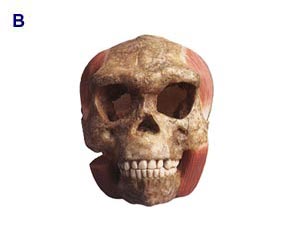 Cast is rounded out with teeth, lower jaw, and chewing muscles.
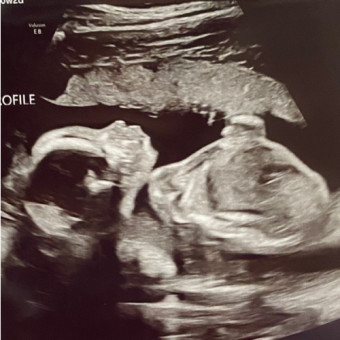 Babylist Registry Photo.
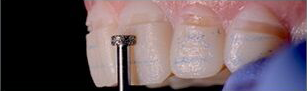 minimally invasive tooth prep by design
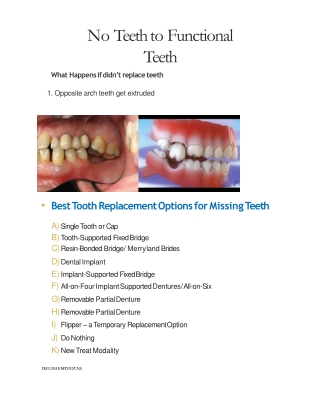 Dental Implants - Types , Procedure, Advantages - Deccan Multispeciality Hardikar Hospital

· · ·

BRIEF: Please write every line above out exactly as given, except for any pictures.

WRITTEN ANSWER:
 Cast is rounded out with teeth, lower jaw, and chewing muscles.
 Babylist Registry Photo.
 minimally invasive tooth prep by design
 Dental Implants - Types , Procedure, Advantages - Deccan Multispeciality Hardikar Hospital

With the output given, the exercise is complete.